NEW SPACE IS PART OF A PLAN TO RAISE THE ENDOWMENT OF THE SCHOOL
Compared to most U.S. schools, London Business School has a rather meager endowment of less than 20 million pounds, or less than $32 million. The endowment of the Harvard Business School, which boasts the largest treasure chest of any business school in the world, is currently $2.8 billion. So Sir Andrew expects to use the dramatic expansion of the school as an effort to raise substantial money from alumni and other potential patrons.

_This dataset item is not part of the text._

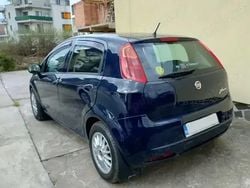 Albastru Utilizat 2008 Fiat Punto Hatchback | 2.550 EUR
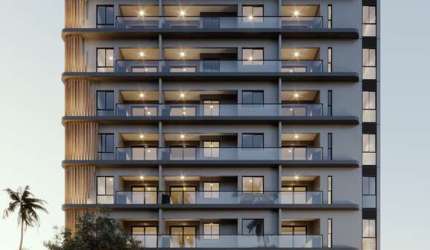 Apartamento com 2 quartos à venda na Oceano Índico, 828, Intermares, Cabedelo por R$ 510.000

Unlike many top business schools that are often housed in relatively new and spacious quarters, London Business School has occupied a magnificent domed and arched building officially owned by the Queen and set across the street from the lovely green rounds of Regent’s Park. But the hallways are narrow and there are few places for students to gather and work in teams. Most students have to cross a busy street and walk down a residential block to find a place for their team meetings. With the addition of more students and programs over the years, the school had long outstripped the capacity of its buildings.

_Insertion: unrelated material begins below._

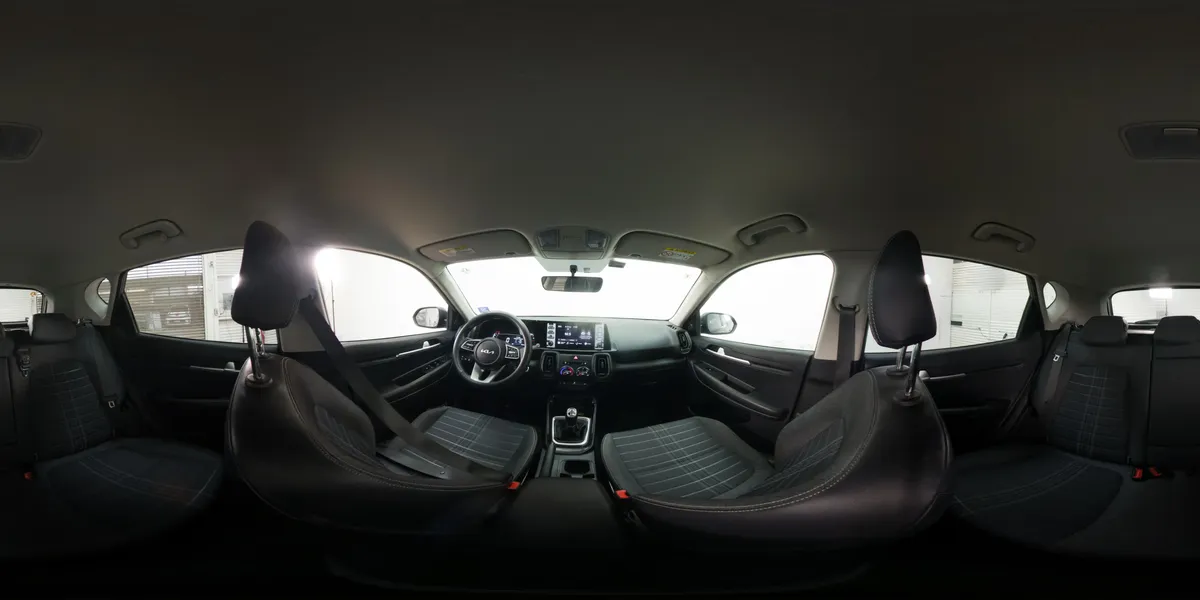Kia Sonet 1.5 Ex Mt año 2025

“This is something we have been very keen to do otherwise the school couldn’t expand the way we want it to,” Sir Andrew told the FT. “This really provides for us for expansion for the next 50 years.”
FULL-TIME MBA PROGRAM TO EXPAND ALONG WITH EXECUTIVE EDUCATION
Once London Business School can expand into the new space, a fairly significant expansion in its programs is expected. The school currently has an intake of about 405 full-time MBAs a year, though this is expected to increase by an additional 75 in two year, even before the Town Hall is ready to open.

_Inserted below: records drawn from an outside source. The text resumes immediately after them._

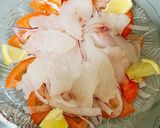 簡単おもてなし✨絶品　鯛のカルパッチョ作り方8写真
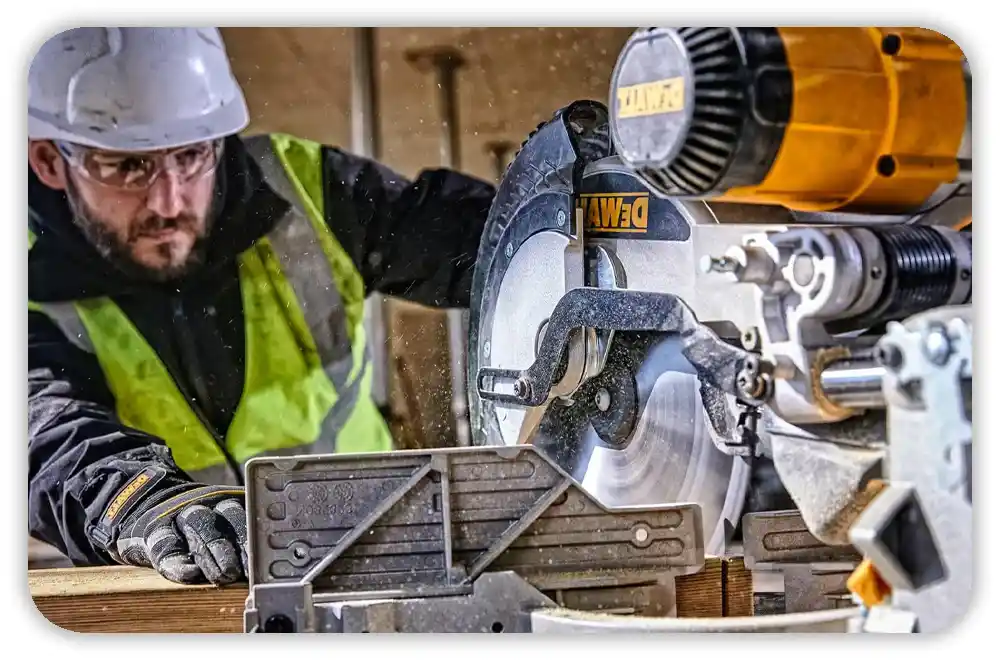 The Science Behind Cutting Metal vs. Wood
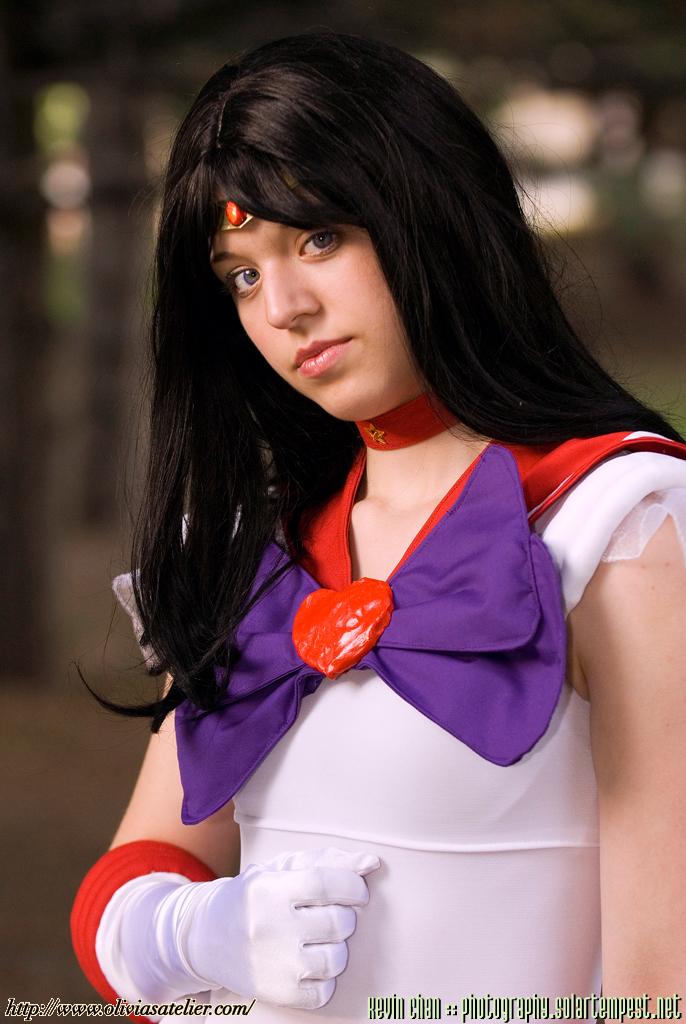 Super Sailor Mars – Olivia's Atelier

The deal to acquire that much space in central London is complicated, involving a civil partnership with Westminster City Council. The school will essentially share the building so that council meetings, weddings and other community functions can be held in the facility after the renovations are complete.
In a statement accompanying the news release by London Business School, Cllr Jonathan Glanz, Westminster Council’s Cabinet Member for Housing and Property, said: “In tough economic times, it is more important than ever for councils to make best use of their property assets. This agreement will not only generate an income for the council, but it will also see the multi-million pound restoration of the famous building. I am delighted that we have partnered with London Business School and to see the historic building enter a new chapter as a modern educational facility.”